There was one line of Homer always on his tongue:
Idle or busy, death takes all alike.
He had a good word for Thersites, as a cynic and a leveller.
Asked which of the philosophers was most to his taste, he said: ‘I admire them all; Socrates I revere, Diogenes I admire, Aristippus I love.’
He lived to nearly a hundred, free from disease and pain, burdening no man, asking no man’s favour, serving his friends, and having no enemies. Not Athens only, but all Greece was so in love with him that as he passed the great would give him place and there would be a general hush. Towards the end of his long life he would go uninvited into the first house that offered, and there get his dinner and his bed, the household regarding it as the visit of some heavenly being which brought them a blessing. When they saw him go by, the baker-wives would contend for the honour of supplying him, and a happy woman was the actual donor. Children too used to call him father, and bring him offerings of fruit.

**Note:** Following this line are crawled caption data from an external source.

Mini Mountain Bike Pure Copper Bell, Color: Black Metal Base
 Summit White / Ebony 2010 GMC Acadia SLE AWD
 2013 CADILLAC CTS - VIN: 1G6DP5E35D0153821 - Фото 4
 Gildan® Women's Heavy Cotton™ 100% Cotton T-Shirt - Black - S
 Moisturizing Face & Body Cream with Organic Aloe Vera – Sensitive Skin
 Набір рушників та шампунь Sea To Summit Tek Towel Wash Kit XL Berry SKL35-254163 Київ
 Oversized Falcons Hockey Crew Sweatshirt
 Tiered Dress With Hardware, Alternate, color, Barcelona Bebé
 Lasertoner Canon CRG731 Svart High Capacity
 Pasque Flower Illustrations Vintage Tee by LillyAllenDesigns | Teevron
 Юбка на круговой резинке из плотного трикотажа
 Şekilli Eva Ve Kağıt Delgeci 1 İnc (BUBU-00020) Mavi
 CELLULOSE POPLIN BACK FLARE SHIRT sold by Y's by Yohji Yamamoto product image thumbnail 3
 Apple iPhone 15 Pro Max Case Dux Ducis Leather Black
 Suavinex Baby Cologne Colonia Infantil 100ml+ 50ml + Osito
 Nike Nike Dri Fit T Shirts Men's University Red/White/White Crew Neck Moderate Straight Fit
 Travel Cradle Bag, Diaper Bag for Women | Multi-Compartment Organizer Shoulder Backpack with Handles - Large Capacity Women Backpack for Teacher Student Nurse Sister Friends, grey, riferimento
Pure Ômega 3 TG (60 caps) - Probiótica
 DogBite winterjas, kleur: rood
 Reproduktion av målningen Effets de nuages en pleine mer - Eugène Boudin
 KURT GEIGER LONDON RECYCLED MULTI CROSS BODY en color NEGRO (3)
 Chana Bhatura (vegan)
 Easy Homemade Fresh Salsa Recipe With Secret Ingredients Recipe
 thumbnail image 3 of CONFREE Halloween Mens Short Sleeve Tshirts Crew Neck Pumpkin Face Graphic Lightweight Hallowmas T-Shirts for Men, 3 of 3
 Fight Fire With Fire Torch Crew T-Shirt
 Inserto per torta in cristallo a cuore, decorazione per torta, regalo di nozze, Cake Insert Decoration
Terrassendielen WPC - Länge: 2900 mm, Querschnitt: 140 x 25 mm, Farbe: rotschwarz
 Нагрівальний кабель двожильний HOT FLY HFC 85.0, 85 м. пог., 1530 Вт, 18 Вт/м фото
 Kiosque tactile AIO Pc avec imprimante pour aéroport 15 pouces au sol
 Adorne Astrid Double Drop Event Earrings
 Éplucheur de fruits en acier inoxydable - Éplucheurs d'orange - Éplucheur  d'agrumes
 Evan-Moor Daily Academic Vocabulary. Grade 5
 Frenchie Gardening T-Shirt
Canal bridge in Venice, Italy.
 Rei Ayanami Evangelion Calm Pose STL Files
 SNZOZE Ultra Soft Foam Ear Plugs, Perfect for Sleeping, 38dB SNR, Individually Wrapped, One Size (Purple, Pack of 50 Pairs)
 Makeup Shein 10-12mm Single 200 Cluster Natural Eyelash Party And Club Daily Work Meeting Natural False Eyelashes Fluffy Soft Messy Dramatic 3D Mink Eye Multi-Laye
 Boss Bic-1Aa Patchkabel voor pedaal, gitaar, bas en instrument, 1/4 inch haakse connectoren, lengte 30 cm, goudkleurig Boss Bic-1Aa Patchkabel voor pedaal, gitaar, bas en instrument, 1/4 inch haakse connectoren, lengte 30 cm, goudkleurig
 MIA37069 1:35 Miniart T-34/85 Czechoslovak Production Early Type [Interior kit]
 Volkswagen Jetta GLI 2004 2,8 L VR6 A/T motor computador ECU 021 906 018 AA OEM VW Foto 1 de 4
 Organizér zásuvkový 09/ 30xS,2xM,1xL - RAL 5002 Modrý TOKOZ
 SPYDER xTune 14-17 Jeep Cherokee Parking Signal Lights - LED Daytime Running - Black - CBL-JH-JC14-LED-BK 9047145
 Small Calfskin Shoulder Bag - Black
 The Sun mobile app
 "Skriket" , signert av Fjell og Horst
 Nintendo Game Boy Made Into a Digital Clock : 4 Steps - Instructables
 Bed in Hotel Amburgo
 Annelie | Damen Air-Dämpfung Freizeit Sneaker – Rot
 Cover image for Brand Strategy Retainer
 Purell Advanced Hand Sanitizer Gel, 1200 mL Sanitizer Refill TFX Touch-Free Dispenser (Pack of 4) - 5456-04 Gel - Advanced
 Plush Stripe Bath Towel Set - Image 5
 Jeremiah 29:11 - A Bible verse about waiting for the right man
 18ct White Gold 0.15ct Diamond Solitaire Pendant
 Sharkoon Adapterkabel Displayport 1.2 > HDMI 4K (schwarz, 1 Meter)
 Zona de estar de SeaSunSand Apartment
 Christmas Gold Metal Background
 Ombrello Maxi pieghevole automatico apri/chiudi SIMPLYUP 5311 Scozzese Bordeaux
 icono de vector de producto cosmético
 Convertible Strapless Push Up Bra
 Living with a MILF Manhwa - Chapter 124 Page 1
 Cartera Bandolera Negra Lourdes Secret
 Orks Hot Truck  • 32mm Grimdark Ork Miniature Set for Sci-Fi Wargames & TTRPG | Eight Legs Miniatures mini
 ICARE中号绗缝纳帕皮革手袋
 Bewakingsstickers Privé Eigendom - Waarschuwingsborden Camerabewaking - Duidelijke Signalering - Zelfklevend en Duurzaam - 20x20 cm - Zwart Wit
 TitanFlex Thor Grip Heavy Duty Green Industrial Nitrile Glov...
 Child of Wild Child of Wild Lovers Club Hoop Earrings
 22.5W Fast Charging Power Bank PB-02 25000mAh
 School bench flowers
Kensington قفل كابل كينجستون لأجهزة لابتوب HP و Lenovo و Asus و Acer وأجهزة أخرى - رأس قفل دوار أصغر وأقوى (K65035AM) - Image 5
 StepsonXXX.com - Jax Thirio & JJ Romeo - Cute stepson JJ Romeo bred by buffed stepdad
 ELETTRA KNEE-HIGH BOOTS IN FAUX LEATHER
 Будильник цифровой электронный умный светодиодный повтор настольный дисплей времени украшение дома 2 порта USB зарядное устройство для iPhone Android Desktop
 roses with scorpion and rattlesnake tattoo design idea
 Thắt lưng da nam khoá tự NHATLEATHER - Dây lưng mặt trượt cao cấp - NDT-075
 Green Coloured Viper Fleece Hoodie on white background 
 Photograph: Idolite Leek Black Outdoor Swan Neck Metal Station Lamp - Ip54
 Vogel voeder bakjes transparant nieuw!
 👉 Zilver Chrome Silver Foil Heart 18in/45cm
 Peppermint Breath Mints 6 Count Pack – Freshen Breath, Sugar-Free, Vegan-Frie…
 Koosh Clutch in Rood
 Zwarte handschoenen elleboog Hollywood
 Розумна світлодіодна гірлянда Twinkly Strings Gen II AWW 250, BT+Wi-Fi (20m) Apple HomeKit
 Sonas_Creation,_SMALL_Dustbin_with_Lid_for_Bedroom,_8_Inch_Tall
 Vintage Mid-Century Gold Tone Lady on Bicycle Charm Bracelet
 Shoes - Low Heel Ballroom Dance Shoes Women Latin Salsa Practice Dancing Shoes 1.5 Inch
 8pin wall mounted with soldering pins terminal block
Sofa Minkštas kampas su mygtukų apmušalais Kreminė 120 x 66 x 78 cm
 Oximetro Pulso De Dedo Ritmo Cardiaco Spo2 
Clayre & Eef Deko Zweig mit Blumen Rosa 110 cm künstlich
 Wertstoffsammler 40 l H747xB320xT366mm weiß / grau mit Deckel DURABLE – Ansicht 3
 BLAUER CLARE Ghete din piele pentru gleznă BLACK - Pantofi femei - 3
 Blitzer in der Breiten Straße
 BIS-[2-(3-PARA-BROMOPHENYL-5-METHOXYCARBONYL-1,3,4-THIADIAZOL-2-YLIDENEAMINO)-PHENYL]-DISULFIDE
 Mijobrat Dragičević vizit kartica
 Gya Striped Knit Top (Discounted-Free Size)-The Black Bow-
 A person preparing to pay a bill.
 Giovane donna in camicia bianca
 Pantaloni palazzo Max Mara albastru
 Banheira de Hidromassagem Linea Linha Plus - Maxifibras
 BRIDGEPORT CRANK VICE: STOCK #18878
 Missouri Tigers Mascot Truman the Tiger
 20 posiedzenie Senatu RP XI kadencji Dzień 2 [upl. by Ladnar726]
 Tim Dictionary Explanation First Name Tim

Party spirit was once running high at Athens; he came into the assembly, and his mere appearance was enough to still the storm. When he saw that they were ashamed, he departed again without having uttered a word.
When he found that he was no longer able to take care of himself, he repeated to his friends the tag with which the heralds close the festival:
The games are done,
The crowns all won;
No more delay,
But haste away,
and from that moment abstaining from food, left life as cheerfully as he had lived it.
When the end was near, he was asked his wishes about burial. ‘Oh, do not trouble; scent will summon my undertakers.’ Well, but it would be indecent for the body of so great a man to feed birds and dogs. ‘Oh, no harm in making oneself useful in death to anything that lives.’